Content Pipeline (Planned)
Automated conversation-to-content pipeline — scans AI conversations, auto-generates blog posts and journal entries with voice profile, queues for review
Content Pipeline
Status: Designed, not yet implemented. See handover: Vaults/handover/2026-03-15-content-studio-pipeline.md
The Content Pipeline automates the flow from AI conversations to published blog posts and journal entries.
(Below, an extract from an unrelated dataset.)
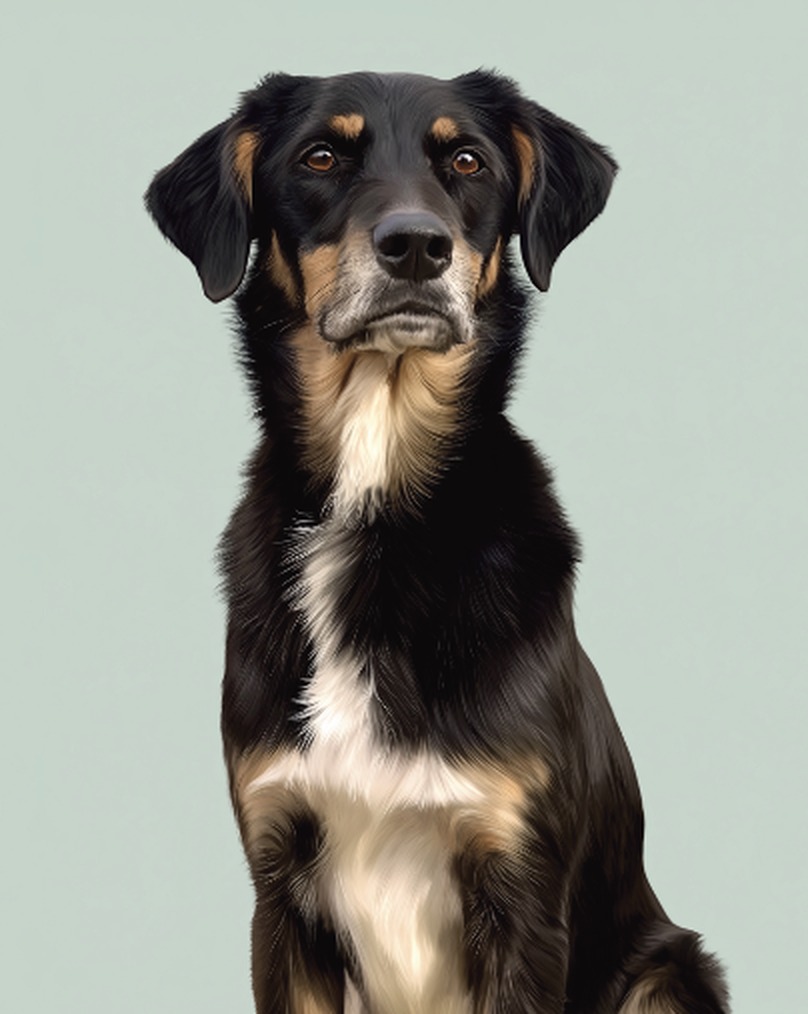 Black and tan dog in a softly painted portrait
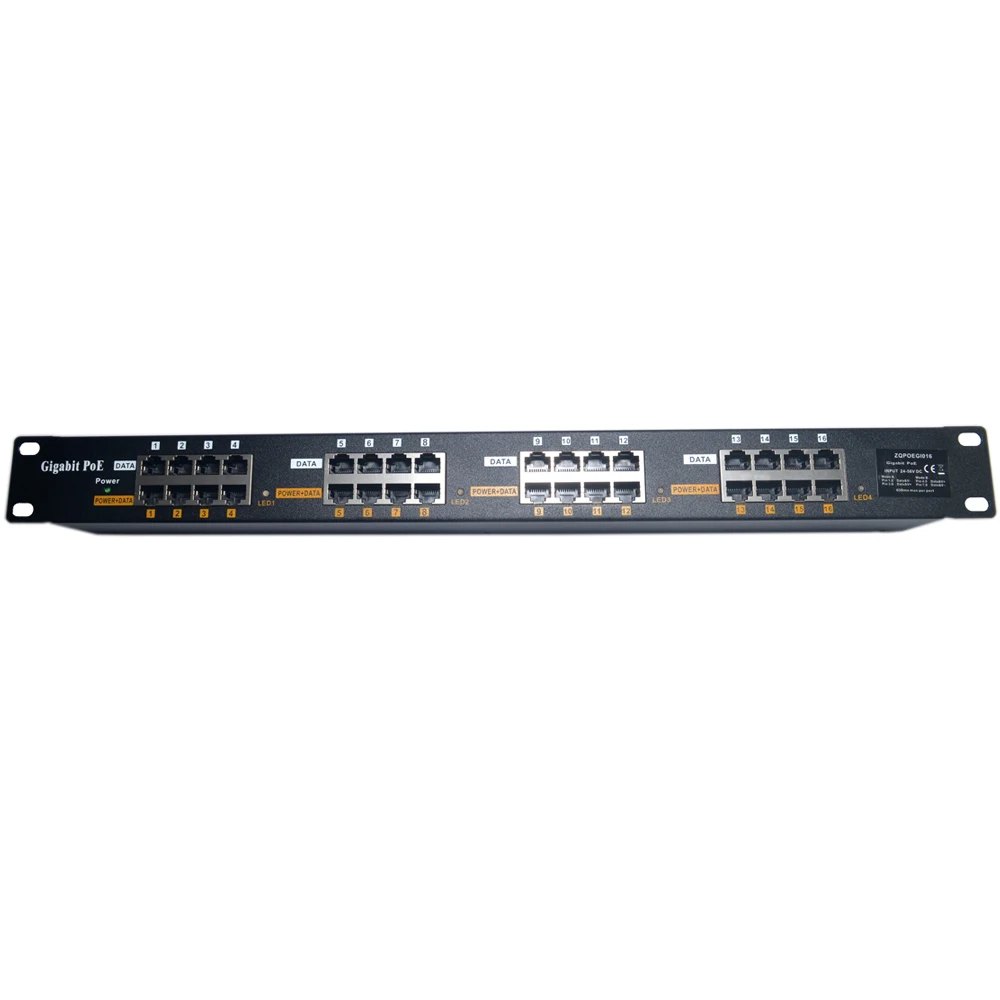 16 портов Gigabit Power over Ethernet PoE инжектор панель питания IP камера WiFi AP источник не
Daniel reviews and approves — he doesn’t write from scratch.
Pipeline Flow
SCAN → DISCOVER → CONTEXT → GENERATE → QUEUE → REVIEW → PUBLISH
1. SCAN — Find blog-worthy conversations
Source: 2,992 markdown conversations in Vaults/conversation-archive/conversations/
Filters:
blog_candidate: truein frontmatter (pre-flagged during extraction)- Technical category with 5+ messages and high word count
- Recent handovers and session notes
Categories most likely to produce content:
technical(889 conversations) — homelab, Linux, networking, containersknowledge-work(155) — PKM, blogging, AI/LLMcreative(209) — some technical writing
Blog candidate index: Vaults/conversation-archive/00-INDEX/BLOG-CANDIDATES.md
2. DISCOVER — Avoid duplication
Compare candidate topics against existing 104 posts + 97 journal entries. Group related conversations into topic clusters. Skip topics that already have published content.
3. CONTEXT — Auto-search RAG
For each topic, automatically search:
- Knowledge (103K chunks) — existing blog content, docs
- Vaults (294K chunks) — conversation archive, personal knowledge
- Private (304K chunks) — sensitive context, legal docs
Pull related existing posts to reference and link. Load verified facts from identity-ground-truth.json.
4. GENERATE — AI writes with voice
Use /api/admin/content-gen with:
- Input: Conversation text + RAG context
- InputMode:
transcriptfor conversations,topicfor clusters - Voice profile + facts + denied claims injected automatically
- Stream output with proper frontmatter (title, description, tags, mood, pubDate)
5. QUEUE — Store drafts for review
Store generated drafts in a review queue:
- Generated date, source conversations, voice score, status
- Storage option:
src/content/drafts/collection (fits Astro pattern)
6. REVIEW — Daniel’s only step
Browse queue in Content Studio’s Pipeline tab:
- One-click approve, edit, or reject
- Voice score shown alongside each draft
- Edit in-place before approving
7. PUBLISH — Write to disk
- Blog posts →
src/content/posts/ - Journal entries →
src/content/journal/ - Generate proper slug, frontmatter, hero image reference
- Mark source conversations as
blog_status: published
API Endpoints Needed
| Endpoint | Method | Purpose |
|---|---|---|
/api/admin/pipeline/scan | POST | Scan conversation archive for candidates |
/api/admin/pipeline/generate | POST | Generate draft from conversation(s) |
/api/admin/pipeline/queue | GET | List pending drafts |
/api/admin/pipeline/approve | POST | Approve draft → publish to disk |
Conversation Archive Format
Each of the 2,992 conversations is a markdown file with YAML frontmatter:
title: "Debugging Tailscale DNS Resolution"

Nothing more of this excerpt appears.